** What needs to be done **
Would you please set down, word for word, the lines from the one with "Wereld: Shell investeert" through the final line of the data below, omitting any pictures?

** Material shown **
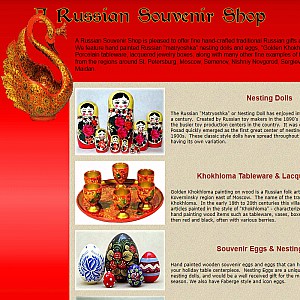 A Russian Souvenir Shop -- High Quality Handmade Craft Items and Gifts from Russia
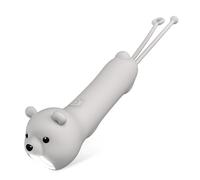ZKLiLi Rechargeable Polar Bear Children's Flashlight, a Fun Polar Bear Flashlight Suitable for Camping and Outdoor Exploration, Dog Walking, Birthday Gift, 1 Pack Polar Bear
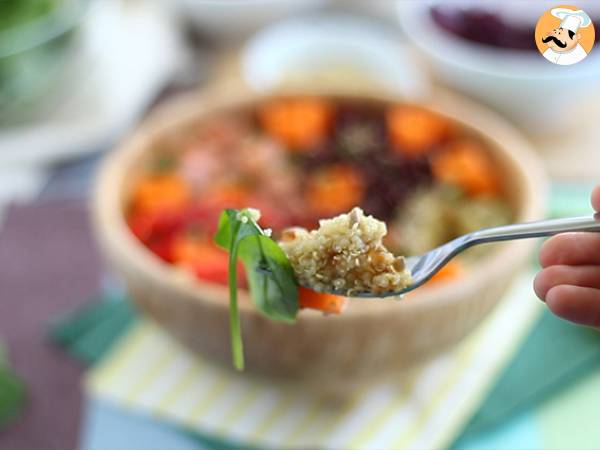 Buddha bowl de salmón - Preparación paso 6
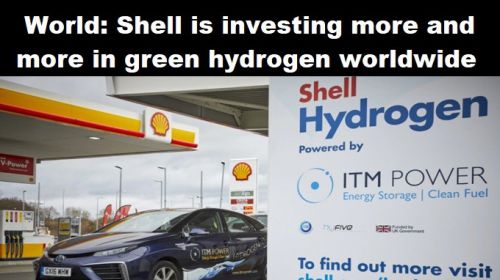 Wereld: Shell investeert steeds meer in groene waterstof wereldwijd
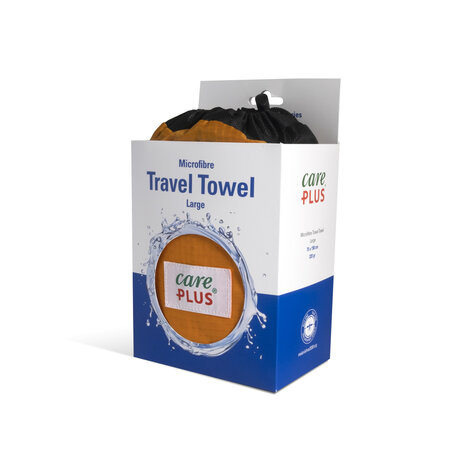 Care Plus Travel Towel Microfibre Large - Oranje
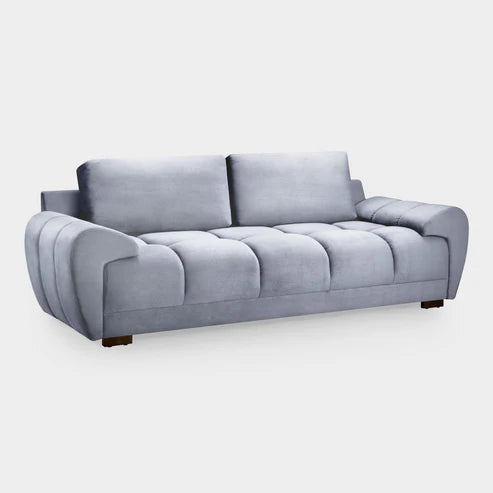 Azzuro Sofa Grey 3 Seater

** Finished task **
 Wereld: Shell investeert steeds meer in groene waterstof wereldwijd
 Care Plus Travel Towel Microfibre Large - Oranje
 Azzuro Sofa Grey 3 Seater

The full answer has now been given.